Everything I Know About Communication I Learned From My Kid.

My son is not like me.

When he was five years old, I asked him, with excitement in my heart and plans in my head, “Do you want to go on an adventure?!!”

That kid looked me right in the eye, with a face that asked if I was new here, and said, “ummm… no,” while slowly shaking his head.

Well.

That interaction pretty well sums up my experience raising my now 18-year-old son.

I am a person who picked up and moved to Australia for a year. After being a blackjack dealer for a year before that. I LOVED adventure. I loved chance and change and sarcasm and drama.

Where were my genes in this little human?

Before becoming a parent, my communication style could have been described as (insert awkward pause while I think of a nicer word than blunt)… straightforward. Never cruel, but I had very little patience for small talk, or platitudes, or dancing around something instead of just getting on with it.

Enter: my sensitive-soul child. Whom I once made cry while playing kitchen because I yelled, “ORDER UP.”

Let me be clear. My teen is now a sarcastic little shit who gives even better than he gets. But when he was little, I figured out in a hurry that I had to change how I communicated with him. Looking back with the wisdom that comes with age (shhhh, it does), I realize now that I first had to build a stable base. He needed certainty that he was understood. Then appreciated. Then, obviously, loved.

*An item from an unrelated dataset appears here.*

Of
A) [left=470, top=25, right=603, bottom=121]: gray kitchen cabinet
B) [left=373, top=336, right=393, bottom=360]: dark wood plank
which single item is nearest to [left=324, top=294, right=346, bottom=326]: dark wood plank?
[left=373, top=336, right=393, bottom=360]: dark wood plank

Once that was well established, I could poke at him relentlessly. In a nurturing home. Obviously.

So I built systems for how I communicated with my kid. I tried to think about what I would want as an adult in a best-case scenario. It couldn’t be that far off… right? Actually, it wasn’t.

I listened with attention and intention.
I gave him a heads-up when a change was coming instead of barking instructions and acting surprised when he reacted badly.
I didn’t assume he magically had all the information he needed to move forward.

I mean… I had to show him how to mow the lawn. I didn’t just hand him a mower and wish him luck.

And finally, I gave him grace.
Room to make mistakes without jumping on him about how to do it better.
Room to figure things out himself.
Room to ask questions without being met with resentment, judgment, or impatience.

The uncomfortable reality of this spectacular system is that it works. Like, for EVERYONE.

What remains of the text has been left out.